INFORMATION SUPPLIED:
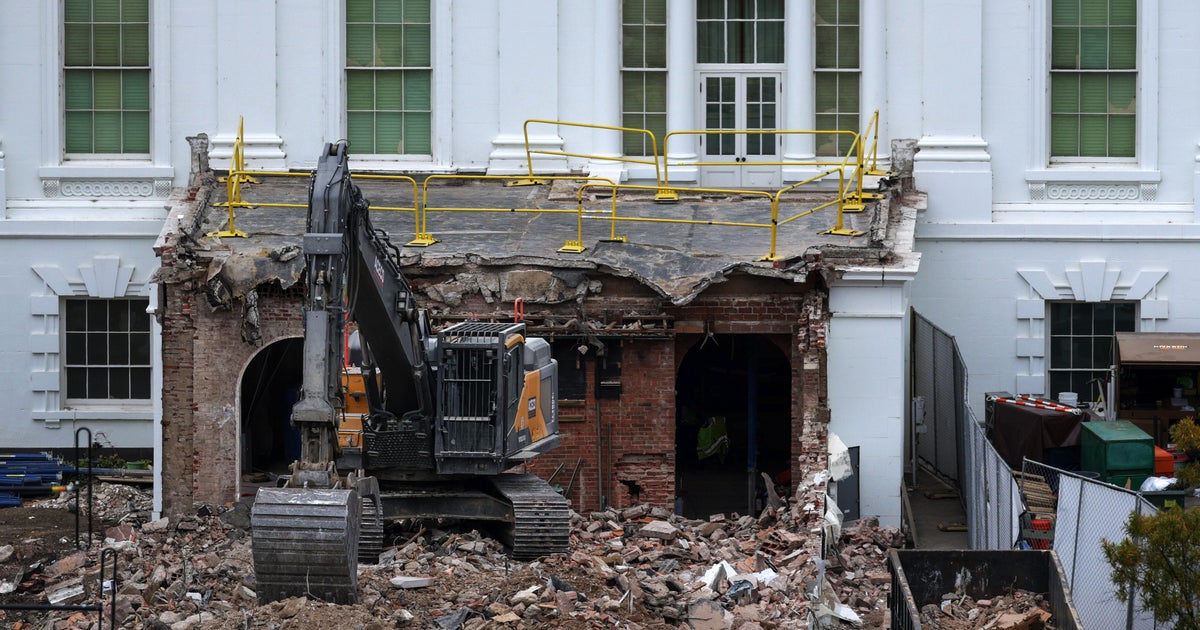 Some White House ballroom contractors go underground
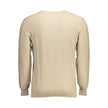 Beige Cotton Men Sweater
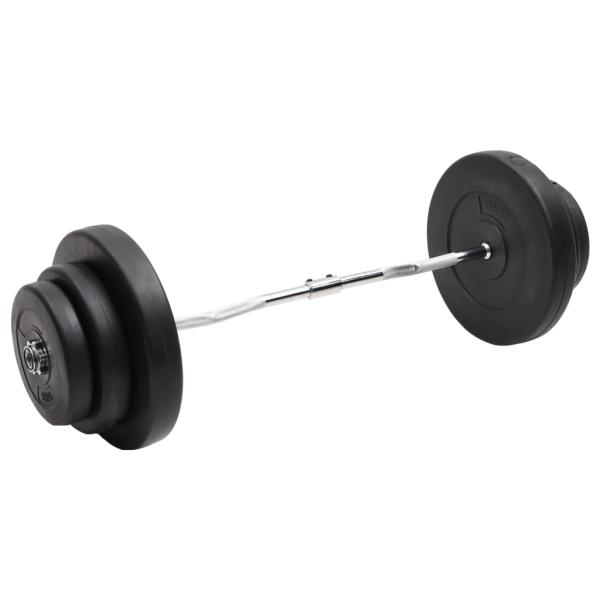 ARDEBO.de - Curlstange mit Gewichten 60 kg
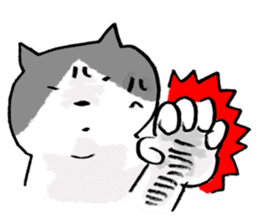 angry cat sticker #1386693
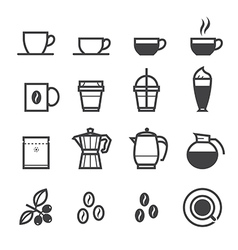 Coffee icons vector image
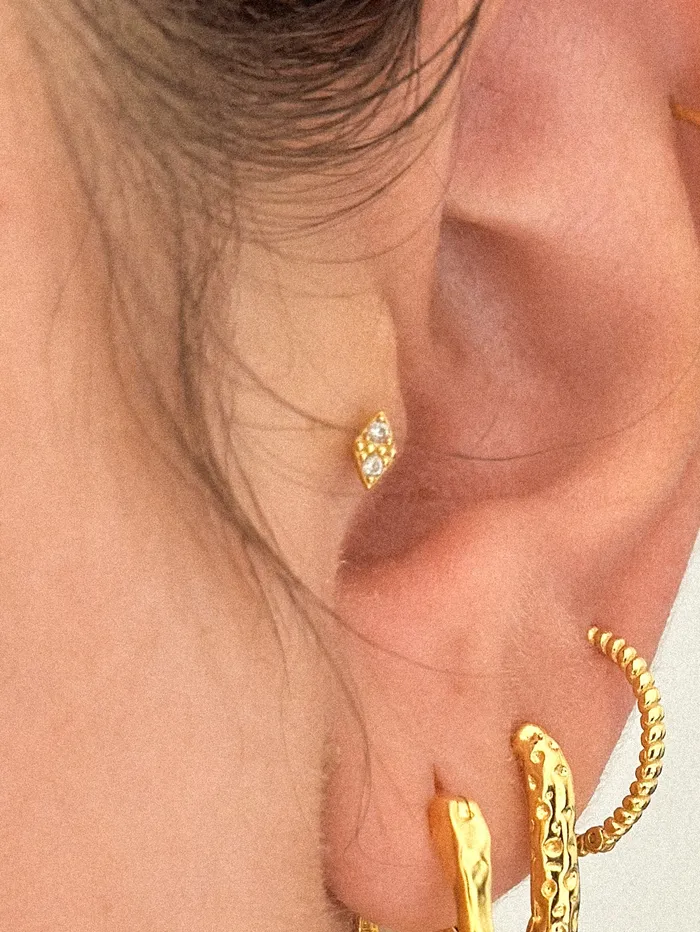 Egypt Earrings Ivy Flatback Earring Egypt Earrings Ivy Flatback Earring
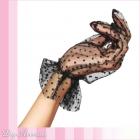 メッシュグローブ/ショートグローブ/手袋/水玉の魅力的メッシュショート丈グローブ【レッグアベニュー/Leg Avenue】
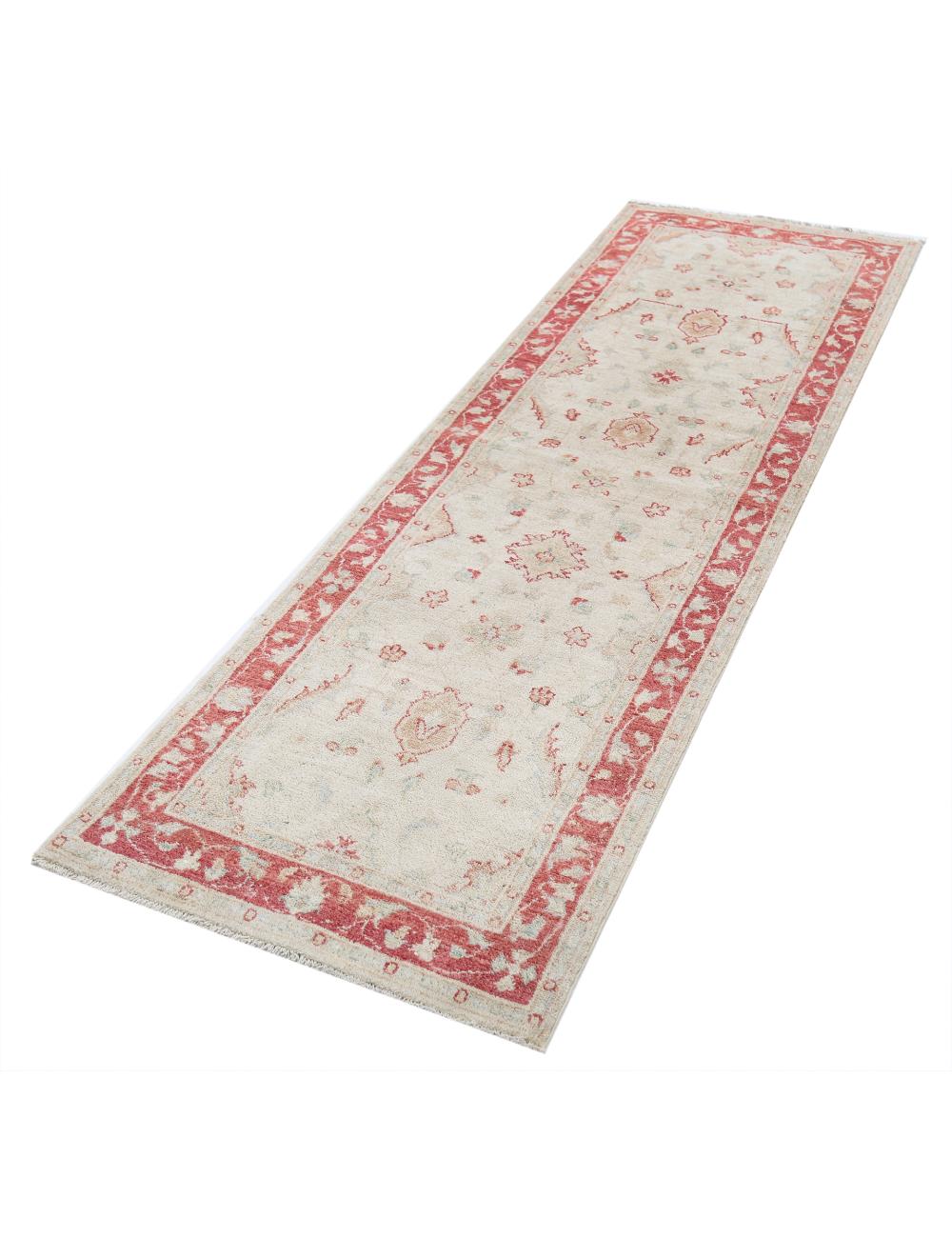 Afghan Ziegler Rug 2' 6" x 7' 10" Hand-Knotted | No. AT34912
---
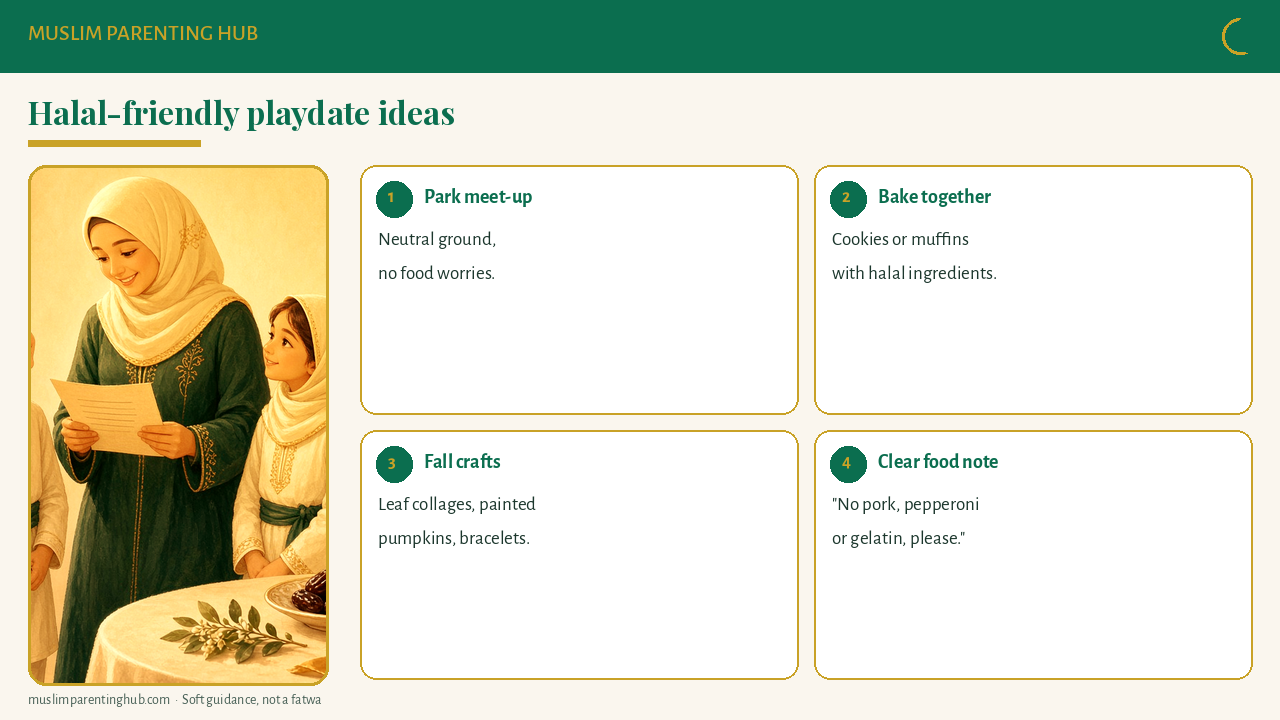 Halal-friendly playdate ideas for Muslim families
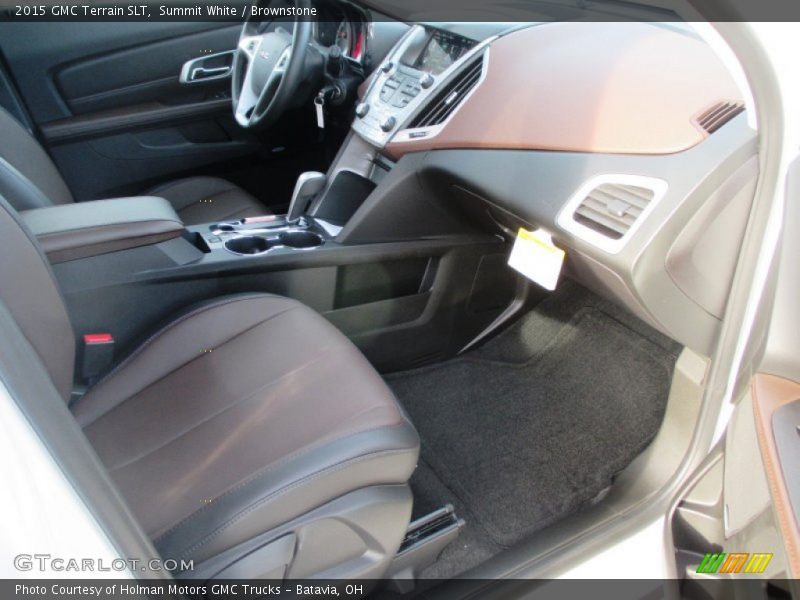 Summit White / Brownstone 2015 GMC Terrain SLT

EXERCISE REQUIREMENTS: Quote word for word only the lines above from the one containing "Some White House" through the one containing "メッシュグローブ/ショートグ". Pictures stay out of your copy.

ANSWER BOX:
 Some White House ballroom contractors go underground
 Beige Cotton Men Sweater
 ARDEBO.de - Curlstange mit Gewichten 60 kg
 angry cat sticker #1386693
 Coffee icons vector image
 Egypt Earrings Ivy Flatback Earring Egypt Earrings Ivy Flatback Earring
 メッシュグローブ/ショートグローブ/手袋/水玉の魅力的メッシュショート丈グローブ【レッグアベニュー/Leg Avenue】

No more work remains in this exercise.